The economy giveth, and the economy taketh away. Today’s update on consumer prices for November showed it clearly in the giveth mode, offering a refreshing volte-face from yesterday’s disappointing news on the trade deficit.
Today is all about better-than-expected news of CPI dropping by the most in a month since July 1949. The consensus forecast was calling for a drop of 0.4% in last month’s CPI, reflecting the pullback in energy prices. In fact, the decline in consumer prices was much steeper, registering a 0.6% fade.

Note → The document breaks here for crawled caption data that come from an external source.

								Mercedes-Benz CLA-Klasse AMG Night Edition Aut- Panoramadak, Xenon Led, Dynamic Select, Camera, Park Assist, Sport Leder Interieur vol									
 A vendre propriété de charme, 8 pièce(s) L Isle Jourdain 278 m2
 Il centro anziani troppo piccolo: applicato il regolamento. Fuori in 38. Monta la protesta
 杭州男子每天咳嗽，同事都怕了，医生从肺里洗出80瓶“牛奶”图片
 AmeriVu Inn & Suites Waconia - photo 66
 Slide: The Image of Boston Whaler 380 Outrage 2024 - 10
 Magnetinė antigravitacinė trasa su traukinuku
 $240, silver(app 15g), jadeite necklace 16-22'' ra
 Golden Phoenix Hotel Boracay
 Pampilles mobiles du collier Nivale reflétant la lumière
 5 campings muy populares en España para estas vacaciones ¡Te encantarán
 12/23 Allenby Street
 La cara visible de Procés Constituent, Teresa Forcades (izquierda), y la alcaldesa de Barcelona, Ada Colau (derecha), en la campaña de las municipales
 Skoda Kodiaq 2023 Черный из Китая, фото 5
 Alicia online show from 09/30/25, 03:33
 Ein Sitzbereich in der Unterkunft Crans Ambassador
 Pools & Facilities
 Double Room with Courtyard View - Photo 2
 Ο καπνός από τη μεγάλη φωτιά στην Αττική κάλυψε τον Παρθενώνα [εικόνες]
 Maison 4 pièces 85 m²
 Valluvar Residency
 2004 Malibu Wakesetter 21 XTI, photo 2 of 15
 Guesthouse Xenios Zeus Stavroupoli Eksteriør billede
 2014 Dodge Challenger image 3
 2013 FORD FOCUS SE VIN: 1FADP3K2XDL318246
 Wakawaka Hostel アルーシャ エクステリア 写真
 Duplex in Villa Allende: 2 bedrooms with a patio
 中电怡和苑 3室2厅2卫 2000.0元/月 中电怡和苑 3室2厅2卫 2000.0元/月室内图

Energy led the retreat, shedding 8% in November, helping the energy-dependent price gauge for transportation to fall a hefty 4.9%. Whether this is sustainable is debatable, but for now there’s only cheers.
The bond market hardly needs more incentive for predicting that the Fed’s cycle of interest-rate hikes is nearing an end. Needed or not, that view of money markets got a large boost of momentum with this morning’s CPI news. But if the Fed is tightening the price of money primarily to slow the housing market, central bankers may be inclined to keep on keeping on. Indeed, housing prices rose 0.5% in November, according to the CPI report–the second-highest monthly rise in 2005 after October’s 0.9% jump.
To be sure, the government’s measure of housing costs in the CPI report is driven by rental prices, which is flawed because it only captures of portion of what’s going on in real estate generally, namely the buying of houses at higher prices. Nonetheless, higher rental costs feed into higher real estate costs.
But such sniping will be lost in today’s celebration of a CPI update that, at least for one month, has given the markets a reprieve from the annoying talk of inflation. Indeed, the stock market, measured by the S&P 500, is pushing into new recent highs, and today’s CPI report should help cement the trend for the remainder of the month and on into January. Meanwhile, the bond market seems inclined to pare rates, again, with the 10-year Treasury yield building downward momentum of late.
Christmas, in sum, may come early this year.